In the video, David again addresses his future self watching, dedicating his next act to his little one-man audience as he pulls out a kitchen knife and commences violently stabbing Adam to death. He says to his future self that he (future!David) really doesn't care, does he — that he's enjoying this. 

David, watching the video, realizes that his past self was right.

Closing Thoughts

I'll begin with what I liked. David's narration, albeit rambling to the point where you could argue he's bogging down the pace, is endearing and makes you feel like you know the guy. He's cheery, candid about personal details (I cut a lot of them for relevance when I was summarizing, but we learn David has color/letter synesthesia, has dabbled in game development but never managed to finish a project, used to make up fictional planets for fun complete with elaborate worldbuilding, and tried to be a YouTube Let's Player as a tween), and generally comes off as someone who writes the way he talks, which I think is fun for a first-person narrator. If David hasn't already kissed the Blarney Stone, he doesn't need to.

I'll actually argue in favor of the pacing: if this story were shorter and its narrator more focused on his tale, the twist that David is actually the sort of fellow who murdered a close friend for funsies wouldn't have impact. For that twist to work, it's crucial that us readers feel like we know David, and his conversational writing style accomplishes that goal. 

Unfortunately, that's about all the praise I can give, because there are too many baffling elements in play and the story doesn't even hint at what the explanations might be. David is adamant that he doesn't remember making a folder filled with over two hundred gigs of video, most of it being porn in order to disguise the ones showing the events leading up to his murder of Adam as well as the actual murder. There's no indication that he's lying about having forgotten about that, or about the murder itself. And yet, nothing in the story even hints at why David can't remember any of this, which leaves me with little choice but to assume the author intended it to read as David having a dissociative disorder... which, apart from being a bad and tired horror trope, also doesn't make sense if you know how dissociative disorders actually work. I'd get into it, but it's a complicated topic and this post is long enough already.

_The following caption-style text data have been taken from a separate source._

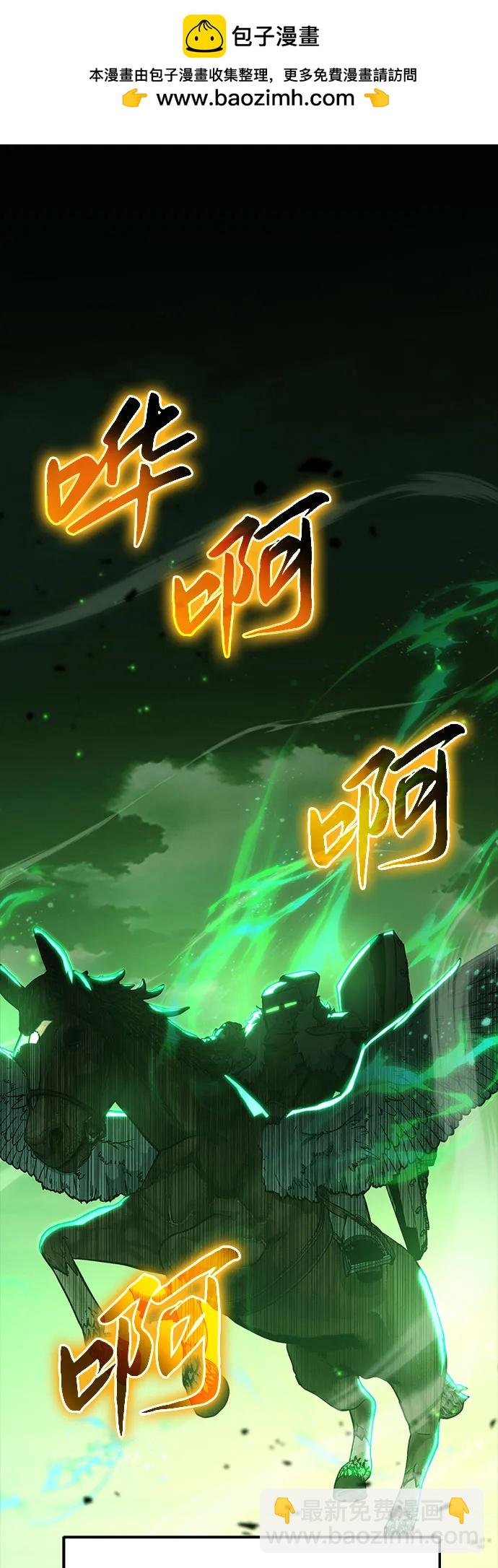 [第43话] 圣杯骑士格奥布里克（2）1
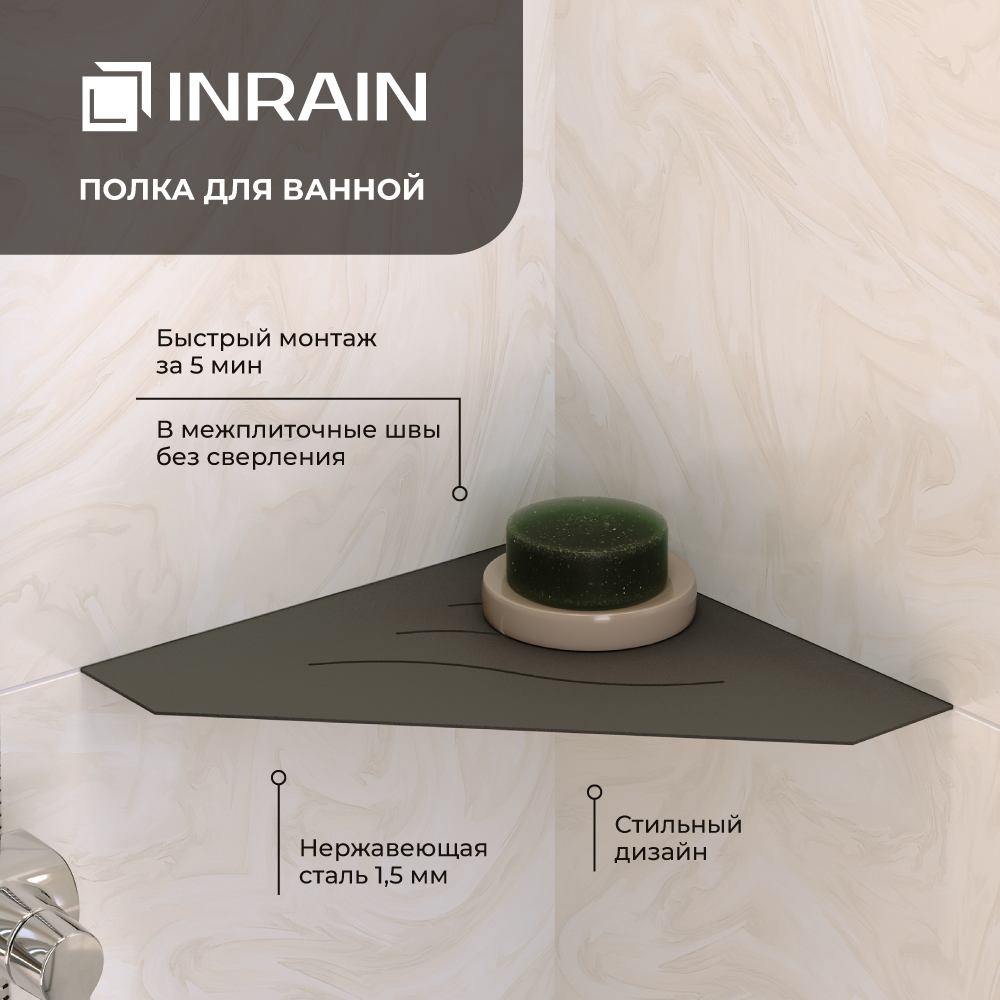 Полка для ванной угловая INRAIN P3 Черная IN309972-04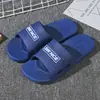 Goma suave, plástico cómodo, pantuflas para el hogar para parejas, adecuadas para uso en interiores y exteriores, transpirables, nuevo estilo de verano, sandalias unisex populares y cómodas
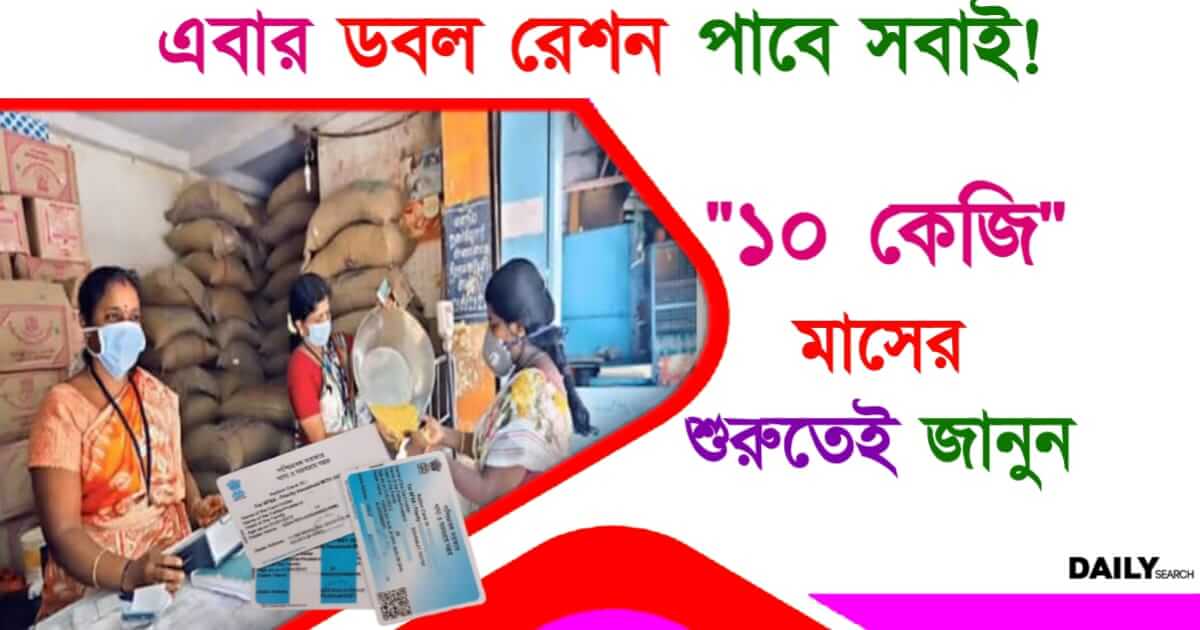 Ration (বিনামূল্যে ডবল রেশন)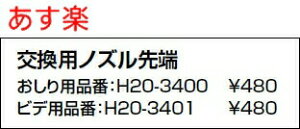 INAX CibNX LIXIL NV rfpi:H20-3401 gC V[gC pmY[yiz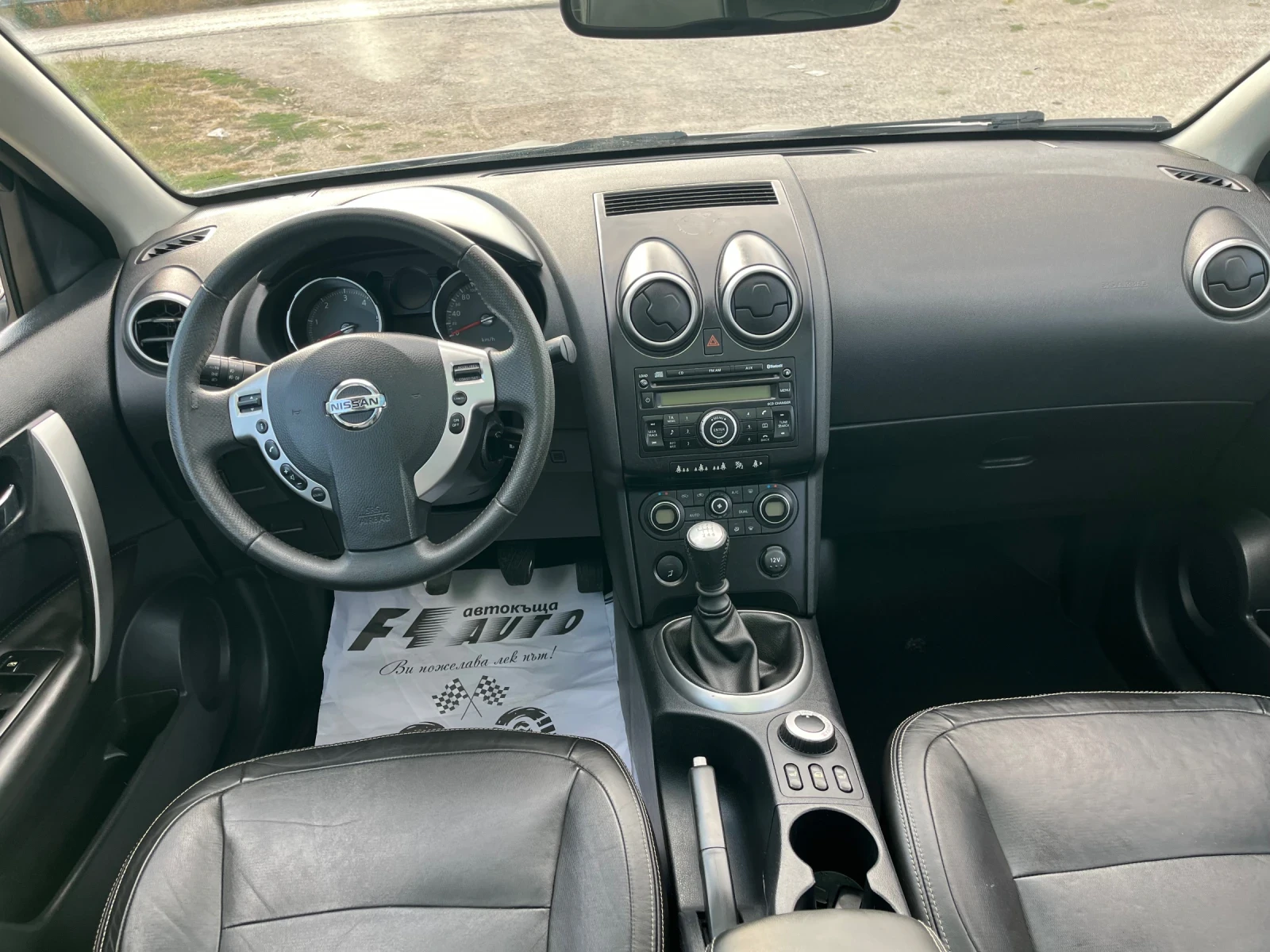 Nissan Qashqai 2.0DCI-4x4-7m.PANO-ITALIA, снимка 8 - Автомобили и джипове - 55469754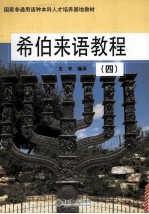 希伯来语教程 4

I'm also baffled by the bit about Google giving David an error message when he tried to search "hjklrk." It's a red herring, sure, but it never gets explained and I can't think of any reason why Google couldn't search for that particular keysmash.

We don't know why David murdered Adam, other than "for the thrill of it," but while that's something I might speculate about in another story, here it's so overshadowed by all the other puzzling stuff that I'm fine just accepting that David, or his alternate personality or whatever, is a thrill killer — I mean, plenty of real-life murderers (especially teenage white boys) murder simply for the rush. 

In the end, I guess I'd give this one a 5/10 if I was the sort of person who typically ranked things out of 10. It's an engaging read, but it raises more questions than it has an interest in answering, and that ultimately makes it fall flat.